## TASK DETAILS
What you should copy is the line containing "1 пара Любовник" and all lines after it in the entries below, exactly and without anything added.

## Items listed in a dataset
****
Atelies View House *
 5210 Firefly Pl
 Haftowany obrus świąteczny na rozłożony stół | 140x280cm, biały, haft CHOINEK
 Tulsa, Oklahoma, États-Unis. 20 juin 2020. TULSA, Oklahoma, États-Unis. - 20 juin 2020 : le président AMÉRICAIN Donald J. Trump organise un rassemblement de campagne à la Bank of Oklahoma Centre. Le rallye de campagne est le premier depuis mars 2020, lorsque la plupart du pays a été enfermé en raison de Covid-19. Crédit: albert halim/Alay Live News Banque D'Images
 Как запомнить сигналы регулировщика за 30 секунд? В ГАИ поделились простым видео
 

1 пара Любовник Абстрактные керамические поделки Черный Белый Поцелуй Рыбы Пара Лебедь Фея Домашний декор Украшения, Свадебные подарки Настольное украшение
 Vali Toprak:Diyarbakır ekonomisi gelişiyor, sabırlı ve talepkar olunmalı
****
## EXERCISE RESULT
1 пара Любовник Абстрактные керамические поделки Черный Белый Поцелуй Рыбы Пара Лебедь Фея Домашний декор Украшения, Свадебные подарки Настольное украшение
 Vali Toprak:Diyarbakır ekonomisi gelişiyor, sabırlı ve talepkar olunmalı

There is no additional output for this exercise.